First, the response makes a frivolous argument that we erred in denying the mandamus and prohibition petition in 4D2026-0406, because petitioner believes we were referring to his prohibition petition in 4D2026-0544, which we dismissed for non-payment of the filing fee. He claims we cannot deny relief in the wrong case number. But our order denied the request for prohibition relief raised in this proceeding. We are aware of his other filings in this court.
Petitioner also contends we cannot consider his trial court filings, and we have impermissibly considered extra-record facts, but his mandamus petition sought a ruling on his 90 pending motions and many of these were provided in his appendices. He brought his filings to our attention, and the gross abuse of process is apparent from the records before us. Petitioner’s response acknowledges that he has filed at least 145 motions in the trial court. The trial court’s online docket suggests that he has filed many more motions and exhibits since our order to show cause issued. His response to us, and his continued filings, demonstrate that he intends to continue abusing the judicial process.
The response maintains that petitioner is a 100-percent disabled veteran, who suffers from post-traumatic stress disorder, and claims that he has a right to use AI for legal assistance under the Americans with Disabilities Act (ADA) and 5 under the United States Constitution. He argues that requiring him to retain counsel will cost him between $83,000 and $231,000 in attorney’s fees, which far exceeds the $20/month which he pays for his AI service. The response repeats arguments that were raised in these frivolous petitions and in his other pending cases. The response also sets out 12 AI-generated questions of great public importance that he would us to certify to the Florida Supreme Court.
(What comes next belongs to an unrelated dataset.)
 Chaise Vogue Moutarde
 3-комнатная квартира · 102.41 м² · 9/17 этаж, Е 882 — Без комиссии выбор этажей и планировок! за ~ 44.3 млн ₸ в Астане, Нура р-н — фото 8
These arguments are meritless, and we reject the notion that the ADA grants petitioner a license to abuse judicial process.
Conclusion
Petitioner’s response fails to show any cause why sanctions should not be imposed and, instead, convinces us that sanctions are necessary. A court may bar a litigant from appearing pro se when the litigant’s “‘frivolous or excessive filings interfere with timely administration of justice.’” Clark v. Baney, 355 So. 3d 976, 978 (Fla. 1st DCA 2023) (quoting Ardis v. Pensacola State Coll., 128 So. 3d 260, 264 (Fla. 1st DCA 2013)).
Accordingly, the Clerk of this Court is directed to reject any future filings by petitioner Robert Hinton Avery unless such filings are signed by a member in good standing of the Florida Bar.
By separate order, we will require counsel to file a notice of appearance in petitioner’s other pending cases, or these cases will be dismissed. See, e.g., Pflaum v. Pflaum, 974 So. 2d 579, 580 (Fla. 1st DCA 2008).
CIKLIN, KLINGENSMITH and LOTT, JJ., concur.
* * *
Not final until disposition of timely-filed motion for rehearing.